Records for this task:
^^^^^^^^

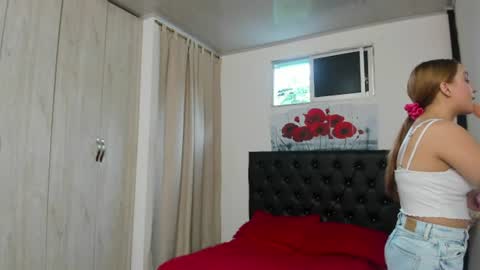 Snapshot of kitty_f00x chatting on 06-21-26, 08:11 kitty_f00x online show from 06-21-26, 08:11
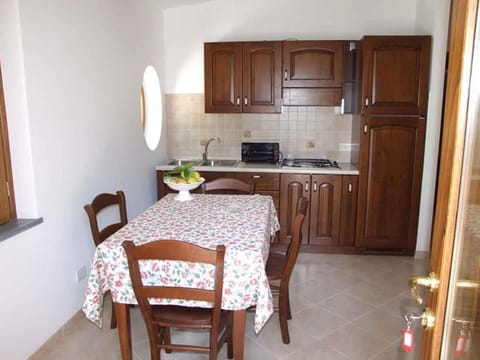 Property building, Kitchen or kitchenette, Dining area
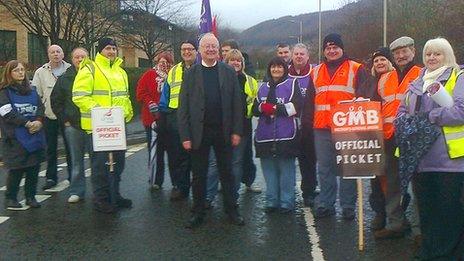 Education Minister Leighton Andrews joined picket lines in his Rhondda constituency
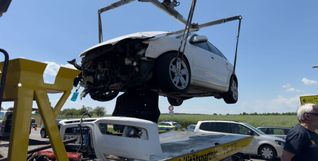 Der Audi musste nach dem Zusammenprall  mit dem Lastwagen abgeschleppt werden.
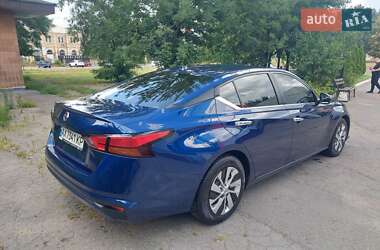Седан Nissan Altima 2020 в 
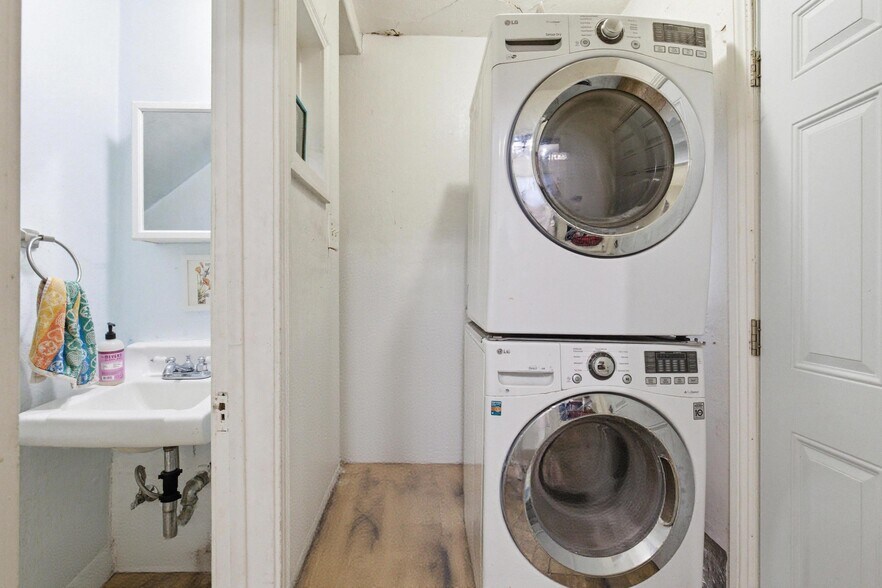 More Photos Of 66 Hampden Ter, Alhambra Multifamily For Sale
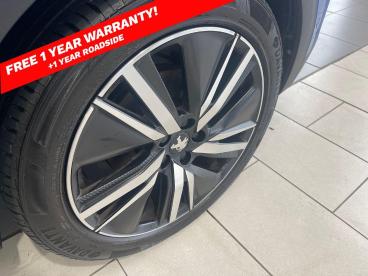 SPOTICAR Peugeot 3008 1.2 Puretech Gt Premium 5dr Eat8 Used Car - Suv Petrol Blue - Bridgend - 1200547184_4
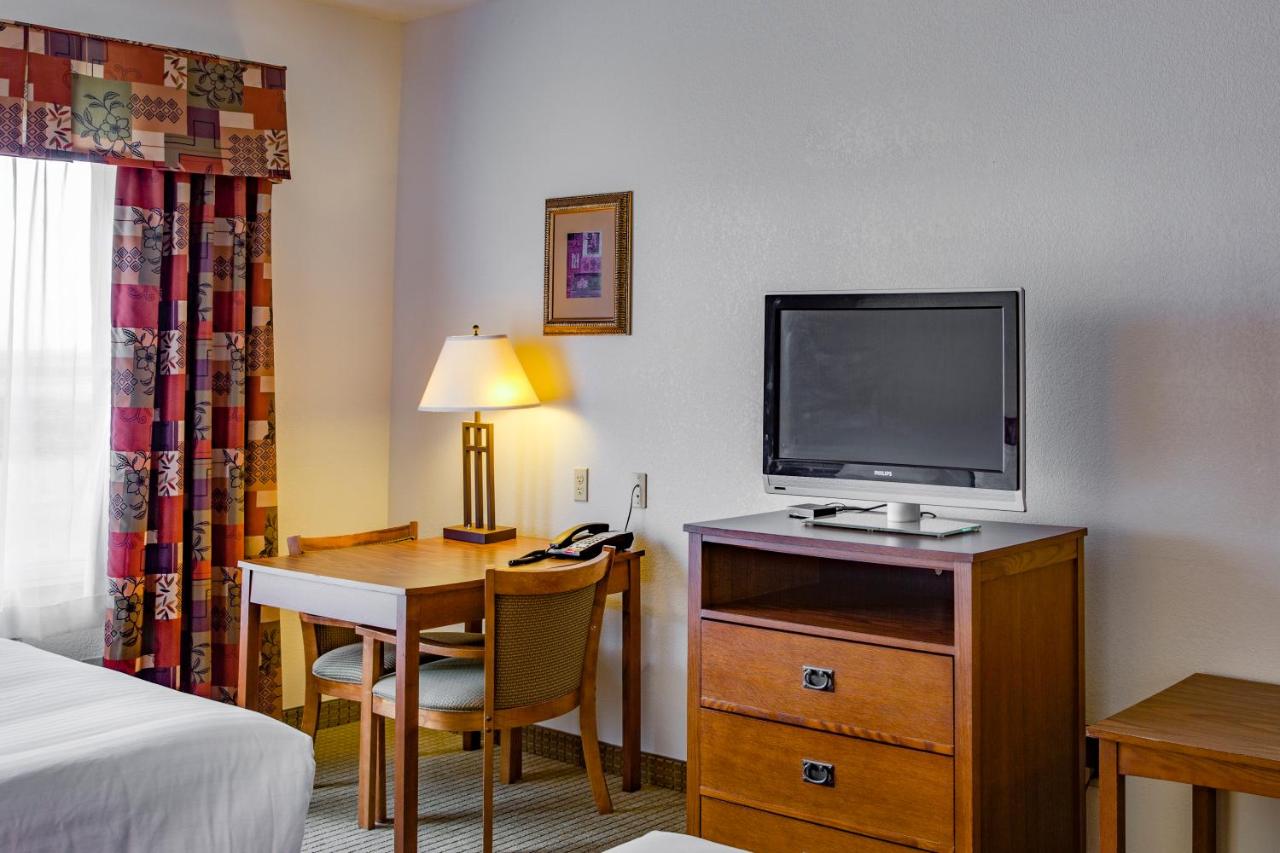 | Holiday Inn Express Hotel & Suites Jacksonville, an IHG Hotel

^^^^^^^^

Action item:
Reproduce the material above exactly but drop all images.

Solution below:
 Snapshot of kitty_f00x chatting on 06-21-26, 08:11 kitty_f00x online show from 06-21-26, 08:11
 Property building, Kitchen or kitchenette, Dining area
 Education Minister Leighton Andrews joined picket lines in his Rhondda constituency
 Der Audi musste nach dem Zusammenprall  mit dem Lastwagen abgeschleppt werden.
Седан Nissan Altima 2020 в 
 More Photos Of 66 Hampden Ter, Alhambra Multifamily For Sale
 SPOTICAR Peugeot 3008 1.2 Puretech Gt Premium 5dr Eat8 Used Car - Suv Petrol Blue - Bridgend - 1200547184_4
 | Holiday Inn Express Hotel & Suites Jacksonville, an IHG Hotel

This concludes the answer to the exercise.